[Extracted data entries]
########

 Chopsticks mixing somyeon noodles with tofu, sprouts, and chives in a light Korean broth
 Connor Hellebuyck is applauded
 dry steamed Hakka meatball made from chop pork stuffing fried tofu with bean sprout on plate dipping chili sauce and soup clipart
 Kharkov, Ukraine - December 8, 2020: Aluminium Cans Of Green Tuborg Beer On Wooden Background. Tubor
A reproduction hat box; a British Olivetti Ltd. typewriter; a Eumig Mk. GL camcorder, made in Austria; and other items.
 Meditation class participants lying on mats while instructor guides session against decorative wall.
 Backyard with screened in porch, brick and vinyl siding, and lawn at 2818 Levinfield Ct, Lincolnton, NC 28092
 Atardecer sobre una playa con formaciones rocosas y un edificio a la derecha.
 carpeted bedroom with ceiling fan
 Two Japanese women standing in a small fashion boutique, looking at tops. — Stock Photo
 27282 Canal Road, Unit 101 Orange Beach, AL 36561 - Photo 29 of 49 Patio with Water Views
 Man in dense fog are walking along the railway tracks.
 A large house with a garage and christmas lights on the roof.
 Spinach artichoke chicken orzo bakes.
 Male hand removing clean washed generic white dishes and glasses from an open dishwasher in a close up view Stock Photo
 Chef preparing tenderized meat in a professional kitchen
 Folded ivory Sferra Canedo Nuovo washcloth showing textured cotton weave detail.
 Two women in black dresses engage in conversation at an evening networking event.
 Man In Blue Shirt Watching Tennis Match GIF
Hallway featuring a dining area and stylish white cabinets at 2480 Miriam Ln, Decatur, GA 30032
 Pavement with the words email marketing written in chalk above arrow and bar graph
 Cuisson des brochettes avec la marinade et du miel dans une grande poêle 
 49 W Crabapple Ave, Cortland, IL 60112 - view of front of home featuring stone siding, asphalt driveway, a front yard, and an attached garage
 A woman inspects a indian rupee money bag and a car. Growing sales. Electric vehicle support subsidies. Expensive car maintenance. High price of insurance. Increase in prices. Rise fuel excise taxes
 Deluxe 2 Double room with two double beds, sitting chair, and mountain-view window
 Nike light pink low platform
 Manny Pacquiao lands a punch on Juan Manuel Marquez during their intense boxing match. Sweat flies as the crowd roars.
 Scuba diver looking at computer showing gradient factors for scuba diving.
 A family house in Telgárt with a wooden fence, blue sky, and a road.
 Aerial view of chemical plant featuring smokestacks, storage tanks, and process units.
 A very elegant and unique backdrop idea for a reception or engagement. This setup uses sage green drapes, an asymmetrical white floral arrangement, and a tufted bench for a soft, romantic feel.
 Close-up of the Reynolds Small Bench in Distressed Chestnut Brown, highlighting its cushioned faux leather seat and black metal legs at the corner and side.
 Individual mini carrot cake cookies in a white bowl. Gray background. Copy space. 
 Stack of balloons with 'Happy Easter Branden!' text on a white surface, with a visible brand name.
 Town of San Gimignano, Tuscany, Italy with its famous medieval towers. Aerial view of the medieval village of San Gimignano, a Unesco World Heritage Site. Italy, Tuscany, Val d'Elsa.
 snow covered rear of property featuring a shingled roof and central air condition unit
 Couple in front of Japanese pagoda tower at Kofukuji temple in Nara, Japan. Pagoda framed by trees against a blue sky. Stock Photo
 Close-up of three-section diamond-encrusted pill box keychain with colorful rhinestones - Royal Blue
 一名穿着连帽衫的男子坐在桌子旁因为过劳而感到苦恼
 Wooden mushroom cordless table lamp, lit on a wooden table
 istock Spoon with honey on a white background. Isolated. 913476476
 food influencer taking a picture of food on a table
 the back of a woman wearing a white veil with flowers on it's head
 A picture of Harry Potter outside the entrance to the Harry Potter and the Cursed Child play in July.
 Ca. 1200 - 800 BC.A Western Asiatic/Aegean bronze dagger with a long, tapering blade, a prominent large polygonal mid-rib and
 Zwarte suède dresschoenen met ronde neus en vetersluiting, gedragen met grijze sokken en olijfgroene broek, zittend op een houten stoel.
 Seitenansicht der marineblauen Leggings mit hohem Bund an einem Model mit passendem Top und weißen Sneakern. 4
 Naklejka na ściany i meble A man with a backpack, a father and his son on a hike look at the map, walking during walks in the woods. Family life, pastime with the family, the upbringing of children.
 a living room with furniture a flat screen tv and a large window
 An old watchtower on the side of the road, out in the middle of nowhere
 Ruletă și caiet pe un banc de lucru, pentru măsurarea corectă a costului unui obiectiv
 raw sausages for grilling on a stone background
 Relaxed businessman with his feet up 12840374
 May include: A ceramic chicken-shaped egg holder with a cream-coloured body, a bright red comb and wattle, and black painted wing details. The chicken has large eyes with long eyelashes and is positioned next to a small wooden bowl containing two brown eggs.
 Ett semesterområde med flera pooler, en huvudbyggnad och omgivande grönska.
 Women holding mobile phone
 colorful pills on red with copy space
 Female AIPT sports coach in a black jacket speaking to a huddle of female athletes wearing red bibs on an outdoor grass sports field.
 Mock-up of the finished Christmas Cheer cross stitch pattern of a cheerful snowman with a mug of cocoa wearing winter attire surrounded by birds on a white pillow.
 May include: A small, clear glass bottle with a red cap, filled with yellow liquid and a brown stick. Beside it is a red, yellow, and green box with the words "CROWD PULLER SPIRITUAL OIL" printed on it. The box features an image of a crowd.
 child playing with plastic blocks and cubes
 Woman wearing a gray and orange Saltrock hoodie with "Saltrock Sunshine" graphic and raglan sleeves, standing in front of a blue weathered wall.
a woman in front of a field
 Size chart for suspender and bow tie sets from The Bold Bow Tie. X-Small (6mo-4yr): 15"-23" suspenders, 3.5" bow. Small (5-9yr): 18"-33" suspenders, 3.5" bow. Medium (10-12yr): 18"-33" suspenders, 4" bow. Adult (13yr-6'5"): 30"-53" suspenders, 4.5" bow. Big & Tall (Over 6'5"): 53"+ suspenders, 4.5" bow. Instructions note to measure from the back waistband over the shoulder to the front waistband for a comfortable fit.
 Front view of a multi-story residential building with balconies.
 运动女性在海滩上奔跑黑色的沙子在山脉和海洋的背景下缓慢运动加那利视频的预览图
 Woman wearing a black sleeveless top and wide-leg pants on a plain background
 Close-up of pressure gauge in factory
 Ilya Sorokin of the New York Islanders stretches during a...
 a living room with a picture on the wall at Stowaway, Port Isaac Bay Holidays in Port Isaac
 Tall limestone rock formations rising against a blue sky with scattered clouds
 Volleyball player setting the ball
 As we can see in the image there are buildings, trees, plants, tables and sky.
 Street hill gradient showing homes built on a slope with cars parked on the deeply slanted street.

########

**Task statement**
An exact transcription of the entries is needed, complete to the final line.

**Written reply**
 Chopsticks mixing somyeon noodles with tofu, sprouts, and chives in a light Korean broth
 Connor Hellebuyck is applauded
 dry steamed Hakka meatball made from chop pork stuffing fried tofu with bean sprout on plate dipping chili sauce and soup clipart
 Kharkov, Ukraine - December 8, 2020: Aluminium Cans Of Green Tuborg Beer On Wooden Background. Tubor
A reproduction hat box; a British Olivetti Ltd. typewriter; a Eumig Mk. GL camcorder, made in Austria; and other items.
 Meditation class participants lying on mats while instructor guides session against decorative wall.
 Backyard with screened in porch, brick and vinyl siding, and lawn at 2818 Levinfield Ct, Lincolnton, NC 28092
 Atardecer sobre una playa con formaciones rocosas y un edificio a la derecha.
 carpeted bedroom with ceiling fan
 Two Japanese women standing in a small fashion boutique, looking at tops. — Stock Photo
 27282 Canal Road, Unit 101 Orange Beach, AL 36561 - Photo 29 of 49 Patio with Water Views
 Man in dense fog are walking along the railway tracks.
 A large house with a garage and christmas lights on the roof.
 Spinach artichoke chicken orzo bakes.
 Male hand removing clean washed generic white dishes and glasses from an open dishwasher in a close up view Stock Photo
 Chef preparing tenderized meat in a professional kitchen
 Folded ivory Sferra Canedo Nuovo washcloth showing textured cotton weave detail.
 Two women in black dresses engage in conversation at an evening networking event.
 Man In Blue Shirt Watching Tennis Match GIF
Hallway featuring a dining area and stylish white cabinets at 2480 Miriam Ln, Decatur, GA 30032
 Pavement with the words email marketing written in chalk above arrow and bar graph
 Cuisson des brochettes avec la marinade et du miel dans une grande poêle 
 49 W Crabapple Ave, Cortland, IL 60112 - view of front of home featuring stone siding, asphalt driveway, a front yard, and an attached garage
 A woman inspects a indian rupee money bag and a car. Growing sales. Electric vehicle support subsidies. Expensive car maintenance. High price of insurance. Increase in prices. Rise fuel excise taxes
 Deluxe 2 Double room with two double beds, sitting chair, and mountain-view window
 Nike light pink low platform
 Manny Pacquiao lands a punch on Juan Manuel Marquez during their intense boxing match. Sweat flies as the crowd roars.
 Scuba diver looking at computer showing gradient factors for scuba diving.
 A family house in Telgárt with a wooden fence, blue sky, and a road.
 Aerial view of chemical plant featuring smokestacks, storage tanks, and process units.
 A very elegant and unique backdrop idea for a reception or engagement. This setup uses sage green drapes, an asymmetrical white floral arrangement, and a tufted bench for a soft, romantic feel.
 Close-up of the Reynolds Small Bench in Distressed Chestnut Brown, highlighting its cushioned faux leather seat and black metal legs at the corner and side.
 Individual mini carrot cake cookies in a white bowl. Gray background. Copy space. 
 Stack of balloons with 'Happy Easter Branden!' text on a white surface, with a visible brand name.
 Town of San Gimignano, Tuscany, Italy with its famous medieval towers. Aerial view of the medieval village of San Gimignano, a Unesco World Heritage Site. Italy, Tuscany, Val d'Elsa.
 snow covered rear of property featuring a shingled roof and central air condition unit
 Couple in front of Japanese pagoda tower at Kofukuji temple in Nara, Japan. Pagoda framed by trees against a blue sky. Stock Photo
 Close-up of three-section diamond-encrusted pill box keychain with colorful rhinestones - Royal Blue
 一名穿着连帽衫的男子坐在桌子旁因为过劳而感到苦恼
 Wooden mushroom cordless table lamp, lit on a wooden table
 istock Spoon with honey on a white background. Isolated. 913476476
 food influencer taking a picture of food on a table
 the back of a woman wearing a white veil with flowers on it's head
 A picture of Harry Potter outside the entrance to the Harry Potter and the Cursed Child play in July.
 Ca. 1200 - 800 BC.A Western Asiatic/Aegean bronze dagger with a long, tapering blade, a prominent large polygonal mid-rib and
 Zwarte suède dresschoenen met ronde neus en vetersluiting, gedragen met grijze sokken en olijfgroene broek, zittend op een houten stoel.
 Seitenansicht der marineblauen Leggings mit hohem Bund an einem Model mit passendem Top und weißen Sneakern. 4
 Naklejka na ściany i meble A man with a backpack, a father and his son on a hike look at the map, walking during walks in the woods. Family life, pastime with the family, the upbringing of children.
 a living room with furniture a flat screen tv and a large window
 An old watchtower on the side of the road, out in the middle of nowhere
 Ruletă și caiet pe un banc de lucru, pentru măsurarea corectă a costului unui obiectiv
 raw sausages for grilling on a stone background
 Relaxed businessman with his feet up 12840374
 May include: A ceramic chicken-shaped egg holder with a cream-coloured body, a bright red comb and wattle, and black painted wing details. The chicken has large eyes with long eyelashes and is positioned next to a small wooden bowl containing two brown eggs.
 Ett semesterområde med flera pooler, en huvudbyggnad och omgivande grönska.
 Women holding mobile phone
 colorful pills on red with copy space
 Female AIPT sports coach in a black jacket speaking to a huddle of female athletes wearing red bibs on an outdoor grass sports field.
 Mock-up of the finished Christmas Cheer cross stitch pattern of a cheerful snowman with a mug of cocoa wearing winter attire surrounded by birds on a white pillow.
 May include: A small, clear glass bottle with a red cap, filled with yellow liquid and a brown stick. Beside it is a red, yellow, and green box with the words "CROWD PULLER SPIRITUAL OIL" printed on it. The box features an image of a crowd.
 child playing with plastic blocks and cubes
 Woman wearing a gray and orange Saltrock hoodie with "Saltrock Sunshine" graphic and raglan sleeves, standing in front of a blue weathered wall.
a woman in front of a field
 Size chart for suspender and bow tie sets from The Bold Bow Tie. X-Small (6mo-4yr): 15"-23" suspenders, 3.5" bow. Small (5-9yr): 18"-33" suspenders, 3.5" bow. Medium (10-12yr): 18"-33" suspenders, 4" bow. Adult (13yr-6'5"): 30"-53" suspenders, 4.5" bow. Big & Tall (Over 6'5"): 53"+ suspenders, 4.5" bow. Instructions note to measure from the back waistband over the shoulder to the front waistband for a comfortable fit.
 Front view of a multi-story residential building with balconies.
 运动女性在海滩上奔跑黑色的沙子在山脉和海洋的背景下缓慢运动加那利视频的预览图
 Woman wearing a black sleeveless top and wide-leg pants on a plain background
 Close-up of pressure gauge in factory
 Ilya Sorokin of the New York Islanders stretches during a...
 a living room with a picture on the wall at Stowaway, Port Isaac Bay Holidays in Port Isaac
 Tall limestone rock formations rising against a blue sky with scattered clouds
 Volleyball player setting the ball
 As we can see in the image there are buildings, trees, plants, tables and sky.
 Street hill gradient showing homes built on a slope with cars parked on the deeply slanted street.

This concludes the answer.